[DATA RECORDS — start]
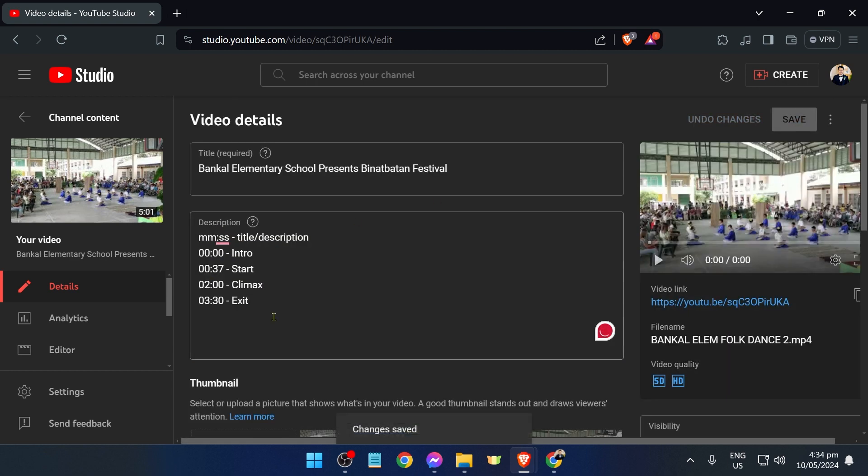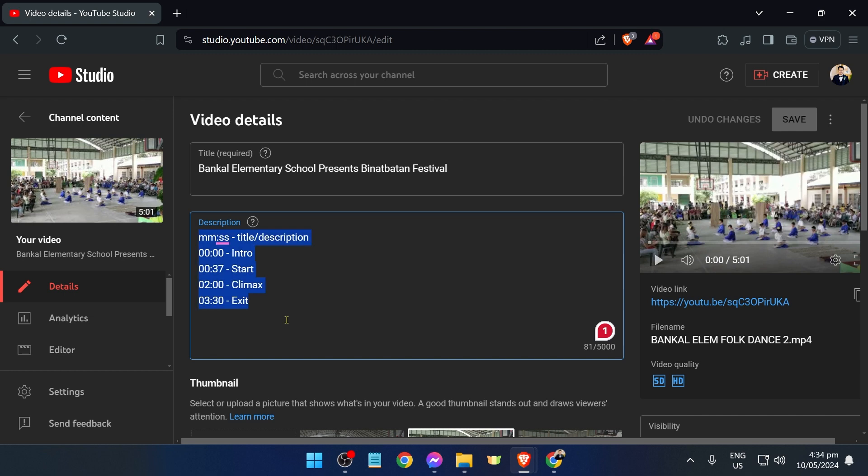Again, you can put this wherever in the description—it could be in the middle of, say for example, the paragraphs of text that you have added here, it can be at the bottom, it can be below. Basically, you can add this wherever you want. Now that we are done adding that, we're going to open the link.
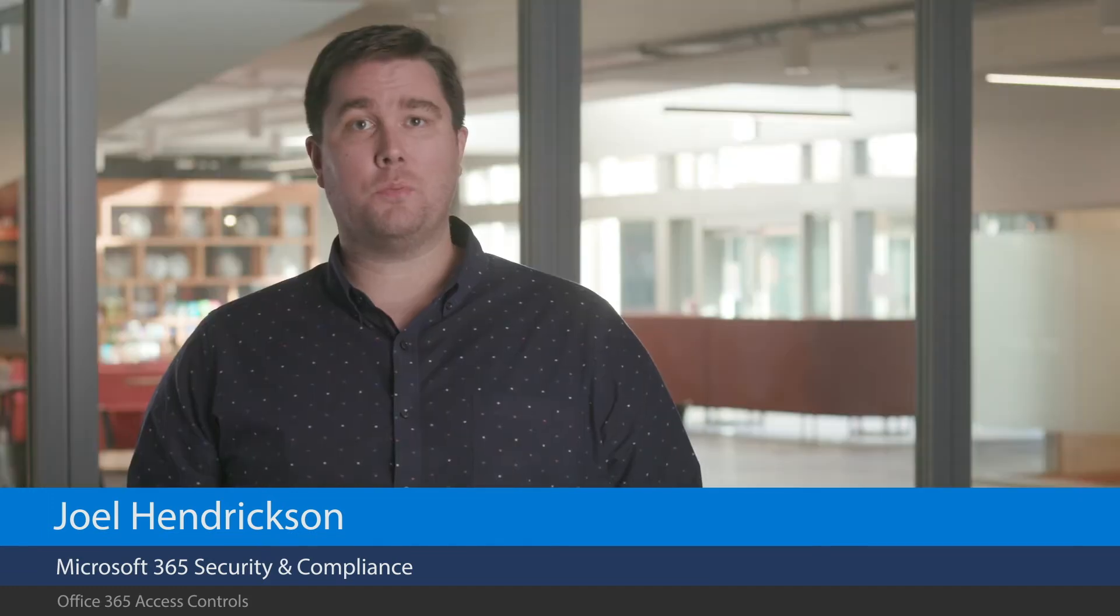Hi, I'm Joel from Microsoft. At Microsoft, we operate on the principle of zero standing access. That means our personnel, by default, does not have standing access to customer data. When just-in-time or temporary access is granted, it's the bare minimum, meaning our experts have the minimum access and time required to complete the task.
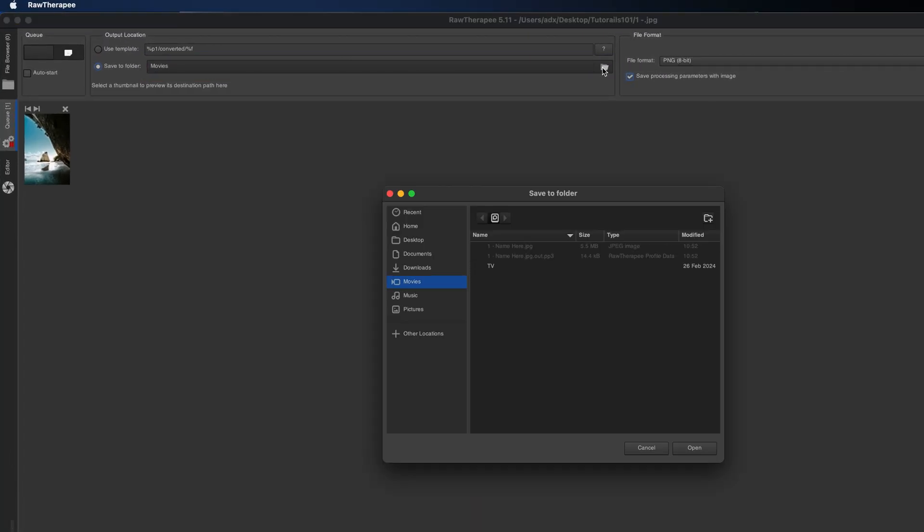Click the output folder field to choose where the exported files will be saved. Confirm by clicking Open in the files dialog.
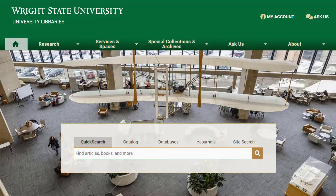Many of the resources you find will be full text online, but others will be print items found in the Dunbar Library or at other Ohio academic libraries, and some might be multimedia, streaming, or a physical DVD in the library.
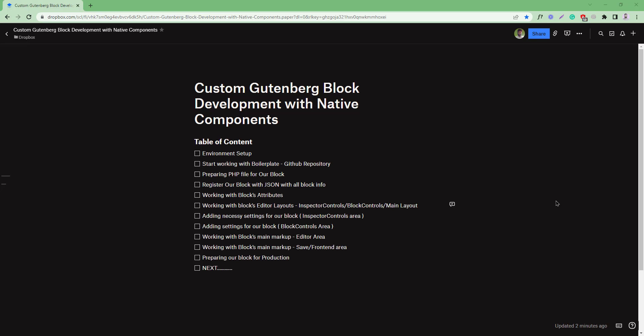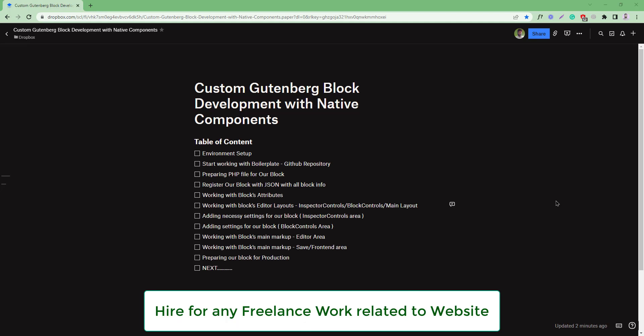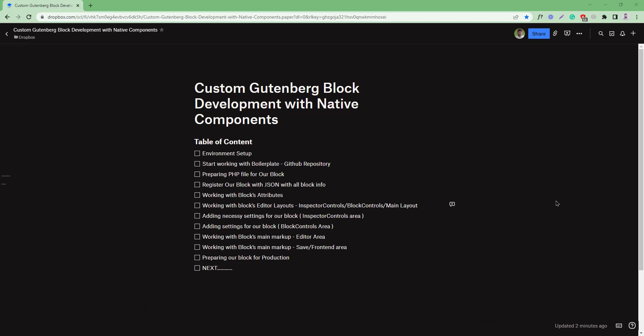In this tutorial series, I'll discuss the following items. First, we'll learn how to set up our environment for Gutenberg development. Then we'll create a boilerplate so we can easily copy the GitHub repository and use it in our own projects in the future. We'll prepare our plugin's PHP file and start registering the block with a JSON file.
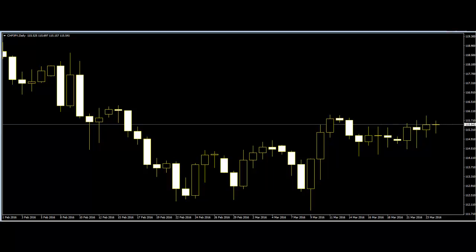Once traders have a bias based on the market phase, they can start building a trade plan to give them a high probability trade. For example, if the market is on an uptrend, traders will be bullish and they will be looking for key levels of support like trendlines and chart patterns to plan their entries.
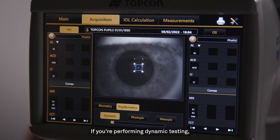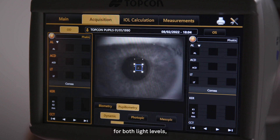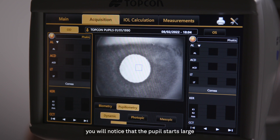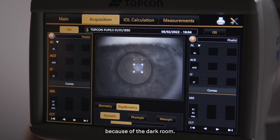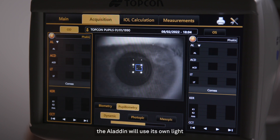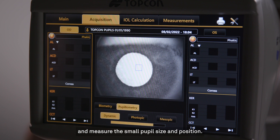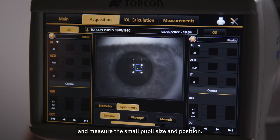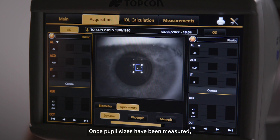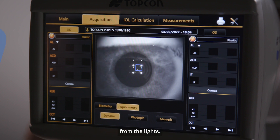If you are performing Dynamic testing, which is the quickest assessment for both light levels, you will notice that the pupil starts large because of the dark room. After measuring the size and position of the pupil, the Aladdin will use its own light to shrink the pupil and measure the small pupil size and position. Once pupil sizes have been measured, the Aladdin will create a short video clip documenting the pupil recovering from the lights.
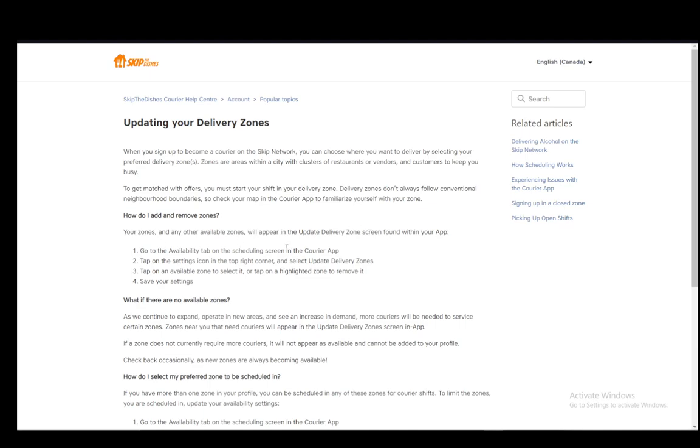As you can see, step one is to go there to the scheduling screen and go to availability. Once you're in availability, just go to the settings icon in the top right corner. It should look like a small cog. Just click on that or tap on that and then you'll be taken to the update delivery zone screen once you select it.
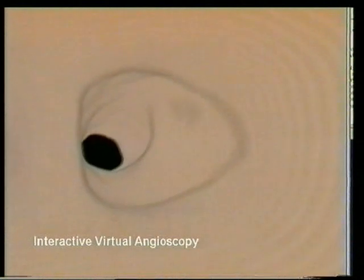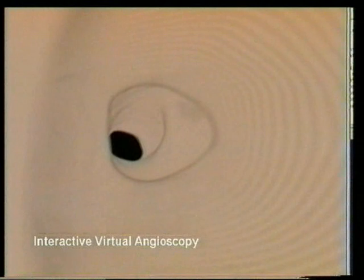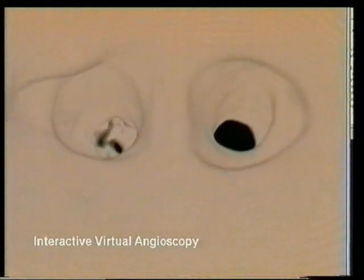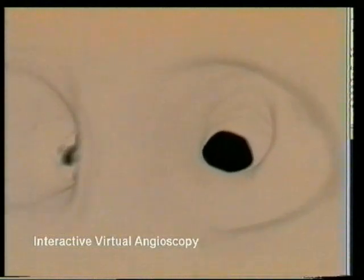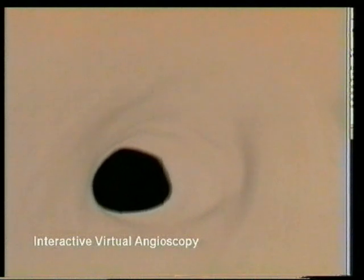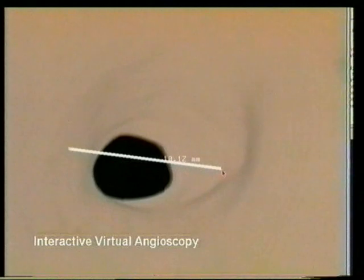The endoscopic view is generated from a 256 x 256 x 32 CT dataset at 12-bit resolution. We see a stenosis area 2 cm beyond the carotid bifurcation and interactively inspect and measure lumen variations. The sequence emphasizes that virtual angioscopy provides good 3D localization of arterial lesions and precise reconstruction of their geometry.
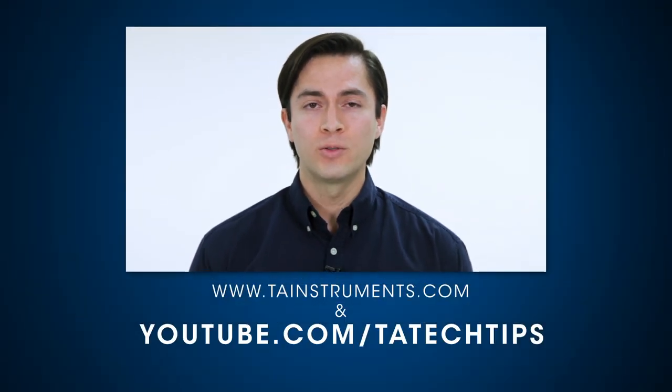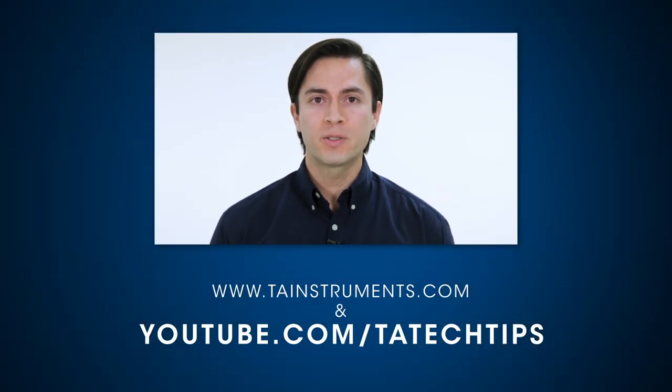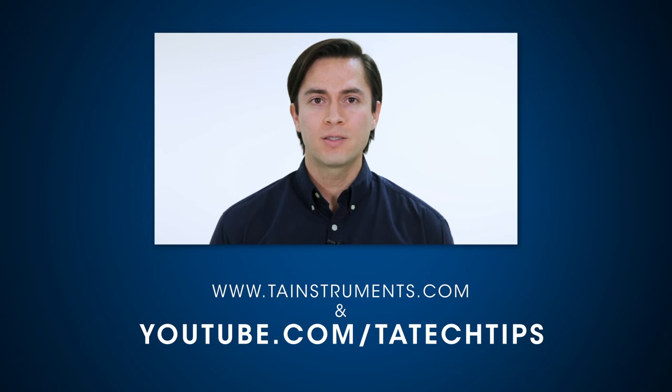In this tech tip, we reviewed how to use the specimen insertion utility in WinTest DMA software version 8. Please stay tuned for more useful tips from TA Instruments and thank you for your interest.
[DATA RECORDS — finish]
> **GOAL OF THE EXERCISE**
Skip all pictures. Copy exactly the lines from the one containing "The endoscopic view" through the end of the records, both ends included.

> **REPLY**
The endoscopic view is generated from a 256 x 256 x 32 CT dataset at 12-bit resolution. We see a stenosis area 2 cm beyond the carotid bifurcation and interactively inspect and measure lumen variations. The sequence emphasizes that virtual angioscopy provides good 3D localization of arterial lesions and precise reconstruction of their geometry.
In this tech tip, we reviewed how to use the specimen insertion utility in WinTest DMA software version 8. Please stay tuned for more useful tips from TA Instruments and thank you for your interest.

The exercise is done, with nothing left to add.